DATA EXTRACT Start Marker

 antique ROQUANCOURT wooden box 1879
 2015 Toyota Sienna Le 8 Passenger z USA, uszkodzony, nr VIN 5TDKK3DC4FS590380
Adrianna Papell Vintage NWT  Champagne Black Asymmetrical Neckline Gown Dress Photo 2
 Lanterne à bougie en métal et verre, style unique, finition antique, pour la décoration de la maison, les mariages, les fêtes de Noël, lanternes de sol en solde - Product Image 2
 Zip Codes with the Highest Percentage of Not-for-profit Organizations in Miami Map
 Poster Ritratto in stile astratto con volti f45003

DATA EXTRACT End Marker

[PROBLEM STATEMENT] This calls for all of the entries above, repeated exactly.

[RESULT]
 antique ROQUANCOURT wooden box 1879
 2015 Toyota Sienna Le 8 Passenger z USA, uszkodzony, nr VIN 5TDKK3DC4FS590380
Adrianna Papell Vintage NWT  Champagne Black Asymmetrical Neckline Gown Dress Photo 2
 Lanterne à bougie en métal et verre, style unique, finition antique, pour la décoration de la maison, les mariages, les fêtes de Noël, lanternes de sol en solde - Product Image 2
 Zip Codes with the Highest Percentage of Not-for-profit Organizations in Miami Map
 Poster Ritratto in stile astratto con volti f45003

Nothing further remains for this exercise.